Scalar-Induced Gravitational Waves from self-resonant preheating in $α$-attractor models

Abstract: After the inflationary phase, the universe enters the preheating phase, during which the inflaton field rolls down its potential and oscillates. When the potential significantly deviates from a parabolic shape at its minimum, these oscillations trigger an instability in the scalar perturbations, leading to their amplification. This phenomenon, known as self-resonance, has important implications in cosmology. Notably, since scalar perturbations couple to tensor perturbations at second order in the equations of motion, this amplification results in the production of Gravitational Waves (GWs), referred to as Scalar-Induced Gravitational Waves (SIGWs). In this study, we investigate the production of SIGWs during the preheating phase for a class of inflationary models known as $\alpha$-attractors, characterized by a single parameter $\alpha$. We focus on small values of this parameter, specifically $\alpha \sim O(10^{-1} - 10^{-4})$, where the self-resonance effect is particularly pronounced.
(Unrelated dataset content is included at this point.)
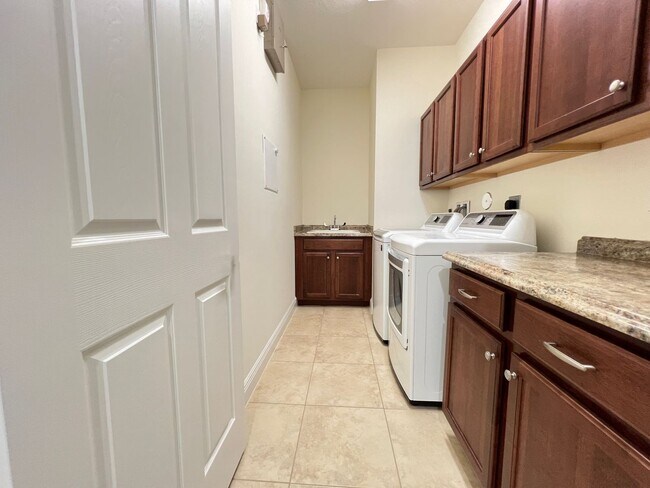 Building Photo - Luxury Living in a Gated Community – Modern 2-Bed Home with Premium Amenities!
We obtain lower bounds on this parameter, $\log_{10}(\alpha)>-3.54$ for the T-model and $\log_{10}(\alpha)>-3.17$ for the E-model, based on the energy density of SIGWs constrained by Big Bang nucleosynthesis, which ultimately translates into lower bounds on the tensor-to-scalar ratio, $r>9.61\times10^{-7}$ for the T-model and $r>2.25\times10^{-6}$ for the E-model.